# Greetings from Russia



## Eugene Cheltsov

Greetings from Russia. "Northern Shine" lodge #9 on the East of Moscow


----------



## Sammcd

Welcome


----------



## CLewey44

Hello, brother.


----------



## Warrior1256

Greetings brother and welcome to the forum.


----------



## Bloke

Greetings and Welcome.


----------



## Eugene Cheltsov

Thank you brothers!


----------



## Bloke

Tell us a bit about yourself?  I've not met a Russia bro before...


----------



## Eugene Cheltsov

I'm just starting my work on my stone, 1-st degree, in January dedication into 2-nd... I'm screenwriter and film director...


----------



## Mike Martin

Fraternal Greetings from England


----------



## Bloke

Eugene Cheltsov said:


> I'm just starting my work on my stone, 1-st degree, in January dedication into 2-nd... I'm screenwriter and film director...


Congratulation 
I've been a Freemason for about 13 years..


----------



## Eugene Cheltsov

Bloke said:


> Congratulation
> I've been a Freemason for about 13 years..


My respect!


----------



## Bloke

Thanks... but I'm still chipping away at my ashlar just as you are


----------



## Eugene Cheltsov

Bloke said:


> Thanks... but I'm still chipping away at my ashlar just as you are


That's our works - to make good man better


----------



## dfreybur

Eugene Cheltsov said:


> I'm just starting my work on my stone, 1-st degree, in January dedication into 2-nd... I'm screenwriter and film director...

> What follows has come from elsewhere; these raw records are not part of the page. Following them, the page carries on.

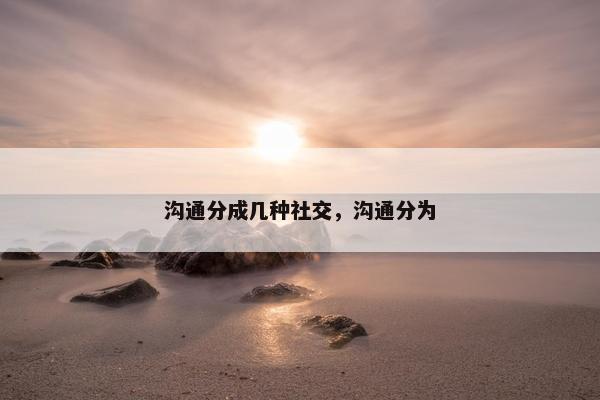 沟通分成几种社交，沟通分为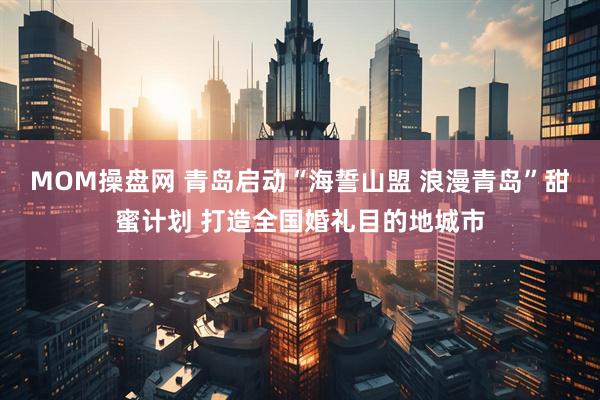 MOM操盘网 青岛启动“海誓山盟 浪漫青岛”甜蜜计划 打造全国婚礼目的地城市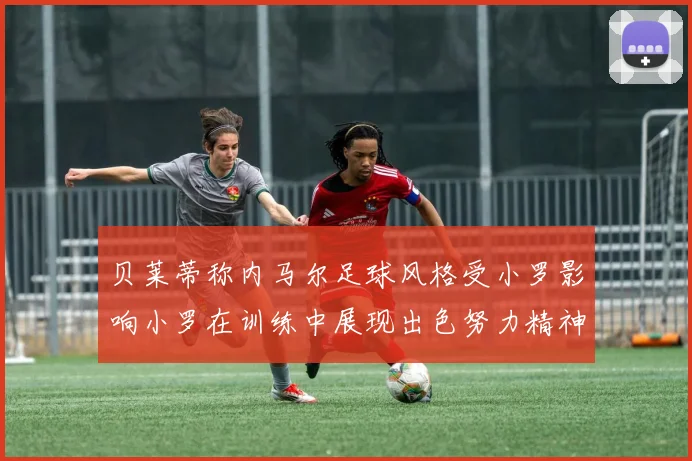 贝莱蒂称内马尔足球风格受小罗影响小罗在训练中展现出色努力精神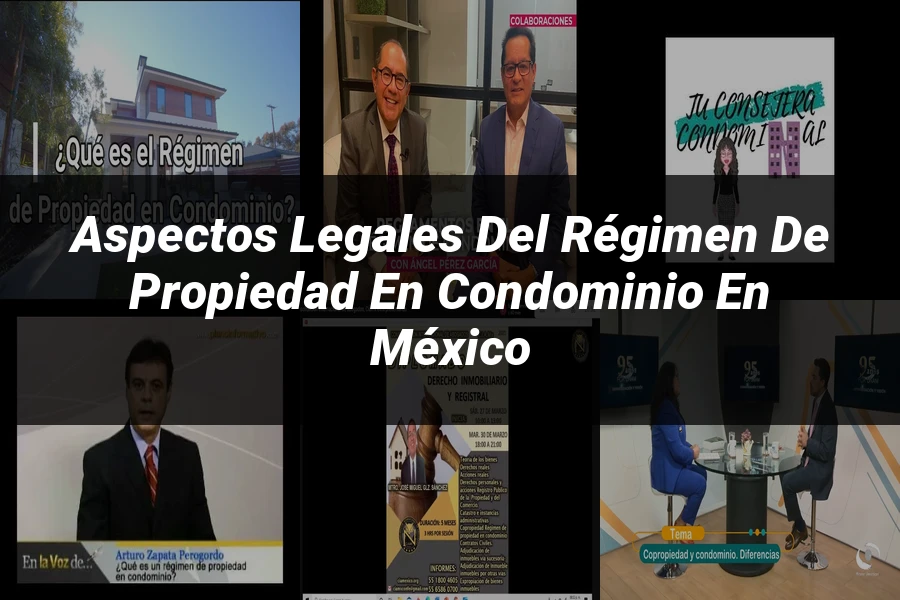 "Aspectos legales del régimen de propiedad en condominio en México"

Welcome to the family once adopted brother.  I look forward to your report of the second adoption.


----------



## CLewey44

Eugene Cheltsov said:


> I'm just starting my work on my stone, 1-st degree, in January dedication into 2-nd... I'm screenwriter and film director...



That's very interesting. I haven't seen much Russian cinema but I have seen Solaris, which was phenomenal. Tarkovsky was a great director for sure.


----------



## Eugene Cheltsov

CLewey44 said:


> That's very interesting. I haven't seen much Russian cinema but I have seen Solaris, which was phenomenal. Tarkovsky was a great director for sure.


I absolutely agree about Tarkovsky!
Now I've start to shoot my short movie and working on the feature drama about Down syndrome boy...


----------



## CLewey44

Eugene Cheltsov said:


> I absolutely agree about Tarkovsky!
> Now I've start to shoot my short movie and working on the feature drama about Down syndrome boy...



How interesting. Please let me know when it's complete and I'll look for it. Hopefully has English subtitles.  I love documentaries.


----------



## Eugene Cheltsov

Happy New year, Brothers!!!


----------



## The_Saint

Happy new year 

Sent From My Freemasonry Pro App


----------



## CLewey44

Eugene Cheltsov said:


> Happy New year, Brothers!!!



Happy New Years and good luck in the upcoming year!


----------



## Eugene Cheltsov

CLewey44 said:


> Happy New Years and good luck in the upcoming year!


Thanks, Bro!!!


----------



## flipster

Eugene Cheltsov said:


> Greetings from Russia. "Northern Shine" lodge #9 on the East of Moscow


I must ask if you know the explanation of the Masons arm hold?  Never seen such before and find it interesting.  Thank you.


----------



## Bloke

flipster said:


> I must ask if you know the explanation of the Masons arm hold?  Never seen such before and find it interesting.  Thank you.


"Mason arm hold ?"
In the video?
It is not peculiar to the video (the crossed arms holding the hand of the person beside you).. we do it in our lodges in Australia,  but it was familiar to me before I became a Mason because we do it singing that song in our family -  I would suspect it is UK in origin and introduced to lodges from general society..


----------



## Brother JC

We call it the Chain of Union.


----------